### WORK TASK
Begin with the line that holds "4 Pack Solar" and retype through the last line of the listing below, exactly; pictures are not part of the copy.

### SOURCE MATERIAL
--- START ---
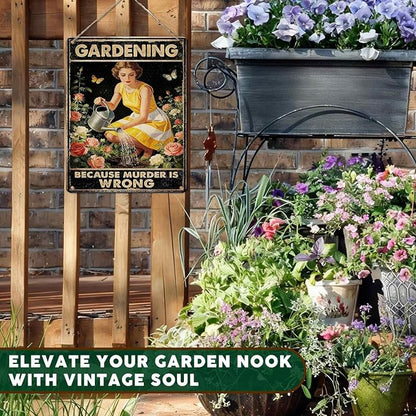 PEACHGARDEN Garden Signs Funny Gardening Because Murder Is Wrong Metal Sign Yard Wall Art Decor Women's Garden Gift For Patio Yard Outdoor 12x16 inch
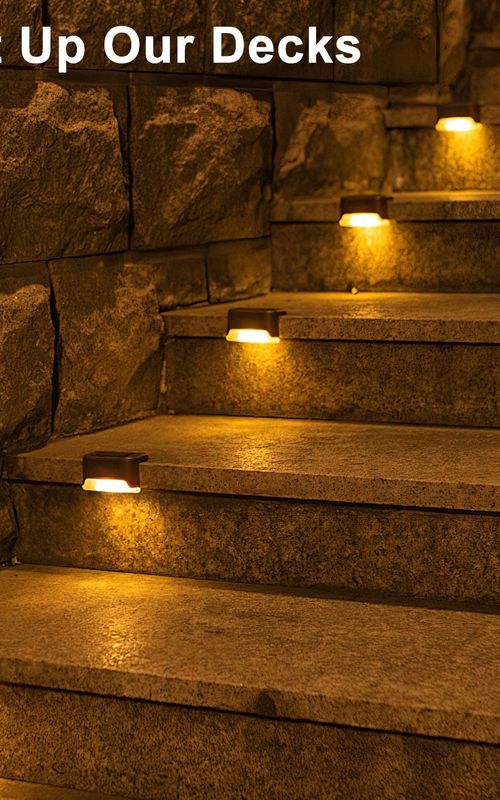 4 Pack Solar Deck Lights LED Solar Step Lights Waterproof Fence Lights For Outdoor Steps Fence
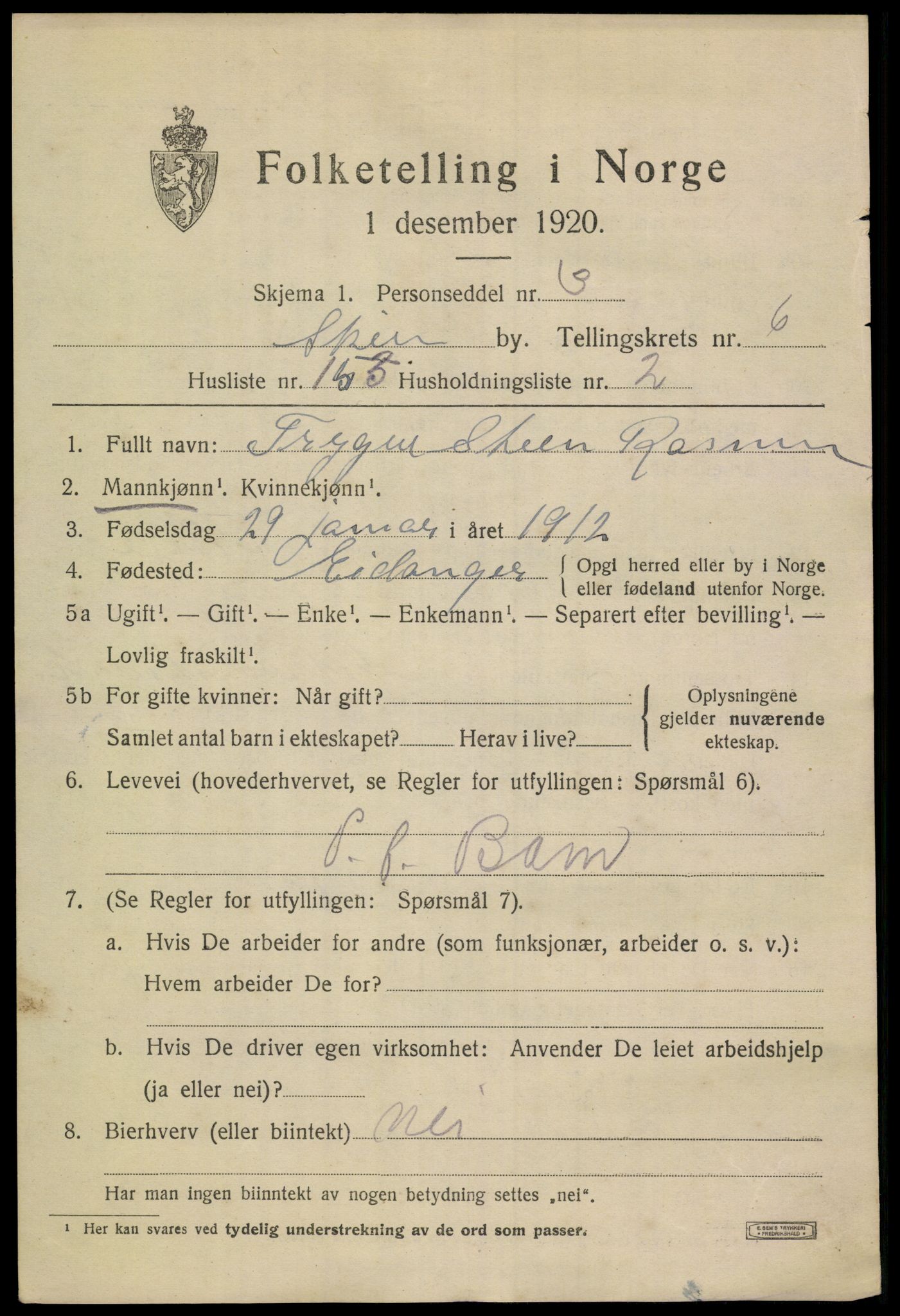 SAKO, 1920 census for Skien, 1920, p. 24792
--- END ---
### TASK RESULT
 4 Pack Solar Deck Lights LED Solar Step Lights Waterproof Fence Lights For Outdoor Steps Fence
 SAKO, 1920 census for Skien, 1920, p. 24792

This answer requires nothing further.